It’s hard to believe that I came to Japan 8 years ago this month. Before that I had never lived anywhere except Tulsa, Oklahoma, and in the last 8 years, I’ve only been back home a handful of times.
I miss home, and all my friends and family. All the food, and the thunderstorms in the spring. I miss playing guitar while watching the crazy thunderstorms. I miss puffy taco Wednesdays. Hell, I can’t list all the things that I miss here. It’s just the tip of the iceberg.
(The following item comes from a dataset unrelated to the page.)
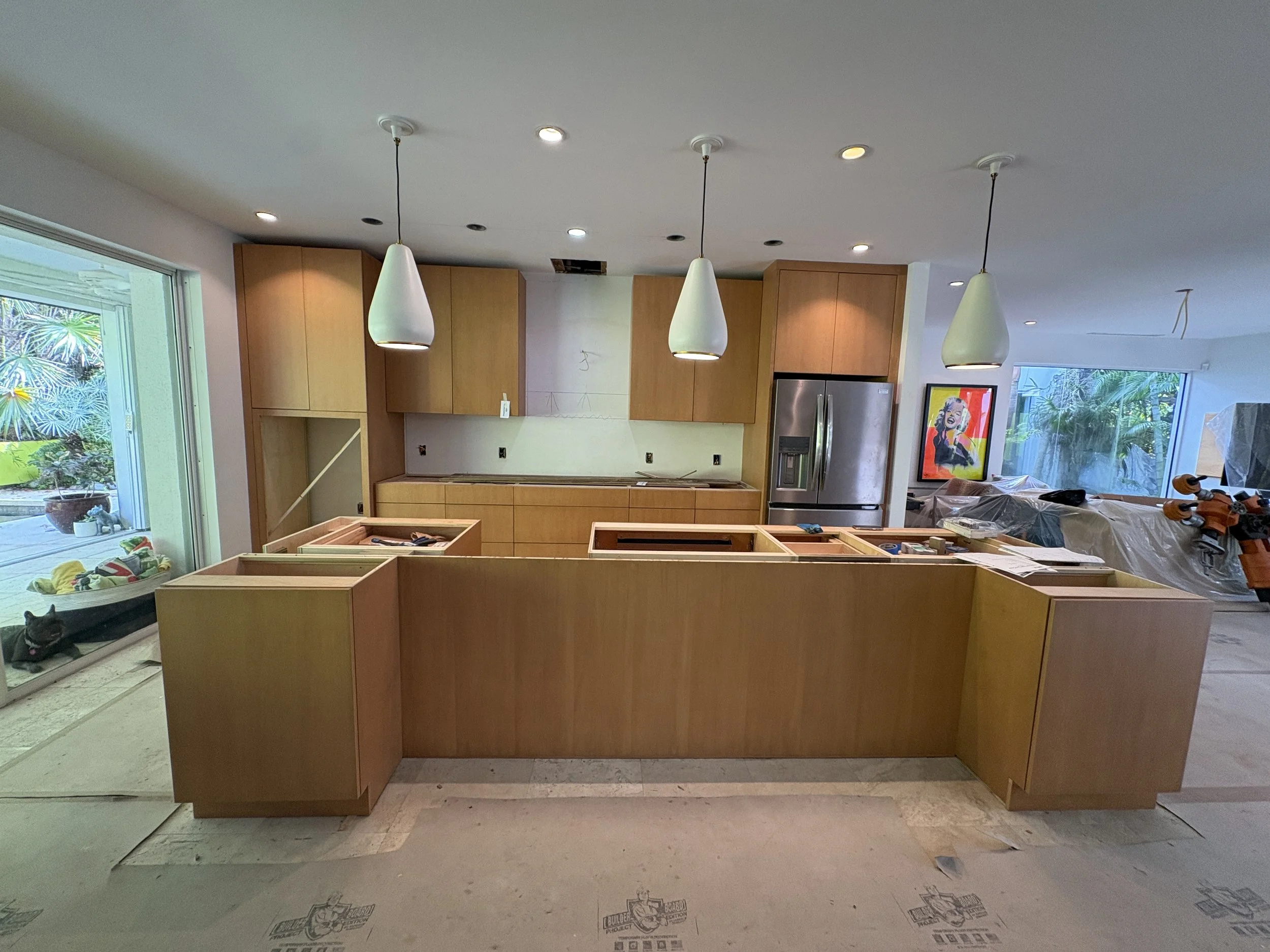 Luxury Cabinetry Is Defined by What You Choose Not to Add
After reminiscing a bit, I started to realize how much I’ve done since I’ve been in Japan. I’ve become a teacher, and then been in one of the largest earthquakes ever recorded shortly after. I learned how to live completely on my own. I traveled to Korea, Thailand, and Indonesia. I got married, had a child, and then got divorced (well, started the process anyway). I’ve had to face one of the biggest challenges of my life so far in the courts in Japan. I’ve become a headhunter, and I’ve written a book. I’ve joined groups to learn how to speak in public (I promise I’ll be better if anyone ever needs me to do a best man speech again), and I’ve started doing Brazilian Jiu Jitsu. I’ve been in both the best and worse physical shape since high school. I’ve read more books in a couple years than I have in my whole life (nearly 50 this year alone if you include audio books).
In all of that, the lesson that most stands out to me is persistence. It was one of the things that I never quite had before I came to Japan, and if it’s the only lesson that I learn while I’m here, then my time here will be well worth it. Not to be too cliche, but it’s true that anything worth doing is difficult, and it takes a lot of time. If you give up anytime things get difficult, then you’ll never accomplish anything of value.
That’s what I did before I came to Japan. I did that with all my music instruments, my sports, and even my business. I don’t feel like I ever really engaged myself 100%, and that’s why I never became great at any of them. I was a dilettante (still am really). Persistence pays off in anything you do, but if you really want to find success (at least what I think of as success), you have to learn to stick with the thing you want to be successful at.
Don’t get me wrong. Hobbies are great. It’s good to find things where you can spend some of your time and get some R&R while simultaneously improving some aspect of yourself. You can’t dedicate yourself 100% to every single thing you do. But you can find the one or two things that are the most important things in your life. The things that make you want to wake up in the mornings. And it’s for those things that I am learning persistence.
I didn’t really intend this to become a motivational piece, but rather a reminiscence of the last 8 years, so I’ll stop before I get too high on my persistence soapbox.
I just want everyone to know things are going well and I miss you all!